We use an Texjet Mod2011 DTG Printer and Press for 3,5 Minutes 180°. For Pretreatment we use a Pretreatmaker.

Now comes the Problems after the 3 - 6 washes the white color will be broken an will be go up...

T-Shirts are Promodoro Premium or Continental Clothing c03

Does anyone hase an advice for me ?

Thank you


----------



## dazzabling (Sep 21, 2011)

Are you using DuPont ink? Because, DuPont pretreatment is formulated to work with DuPont ink. 

But, if you didn't have problems before why did you switch?


----------



## schroble (Feb 12, 2008)

dazzabling said:


> Are you using DuPont ink? Because, DuPont pretreatment is formulated to work with DuPont ink.
> 
> But, if you didn't have problems before why did you switch?

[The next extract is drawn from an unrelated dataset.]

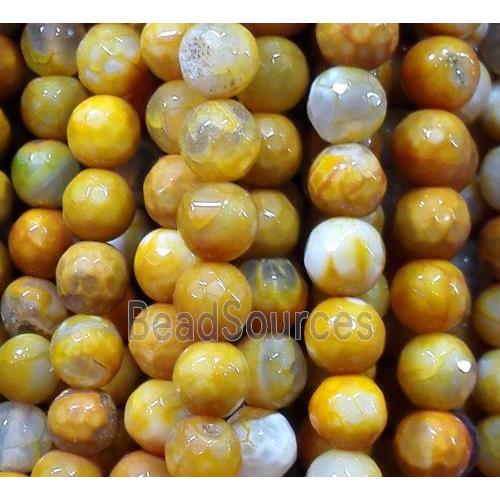 yellow agate beads, faceted round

IT gives the “old“ and the “New“ one and for an automate u should use the New.... the rosting Problem should be better with the new


----------



## dazzabling (Sep 21, 2011)

Have you adjusted your settings with the "new" pretreat?
You may need to lessen the amount that goes on the shirt.
Good news for you this means you will need less. Because, usually over pretreating a shirt can cause the shirt to wash out quicker.

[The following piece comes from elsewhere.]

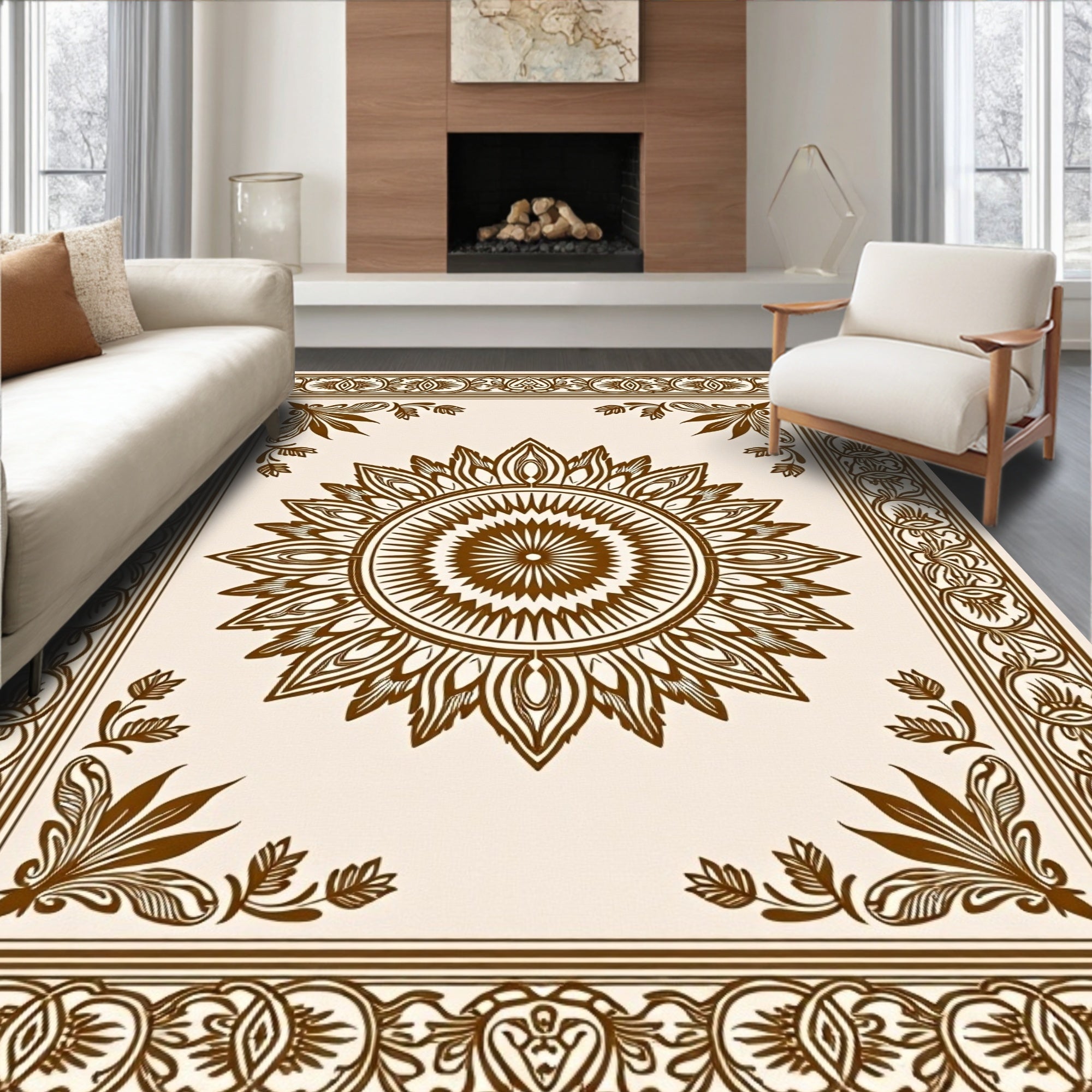 Art Deco Floral Medallion Ornamental Rug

Also, you may need to adjust your heat press methods.

If you can scrap off the pretreat off the shirt (after its been pretreated) with your fingernail, this means overpretreat you shouldn't be able to scrap it off.


----------



## schroble (Feb 12, 2008)

Ahm we have tested ist yes on CC-Jackets an they looks grey ( was an private Job) But now we have Problems with an other job (450 pieces).
Our Dealer means now we should use the old Pretreatment.
I am wondering, before he said that the new ist mutch better....


----------



## soldier king (Nov 13, 2013)

hope you fix it


----------



## BandPrints (Feb 4, 2007)

I wasn't made aware of a pre-treat chemistry change from Dupont. I am hoping Anthony chimes in,


----------



## equipmentzone (Mar 26, 2008)

Take a look at the date of the post that he responded to and you'll see it's from March 2012. 

_


----------



## schroble (Feb 12, 2008)

equipmentzone said:


> Take a look at the date of the post that he responded to and you'll see it's from March 2012.
> 
> _


Hehe yes it was from 2012 now we only use Brother GT-3 Printer


----------



## ernti (Nov 14, 2012)

schroble said:


> Hehe yes it was from 2012 now we only use Brother GT-3 Printer


Hi schroble ! How was the change from the texjet to the brother?
I am too considering a gt3 after 3 horrible years with the texjet problems plus as it should have been named.


----------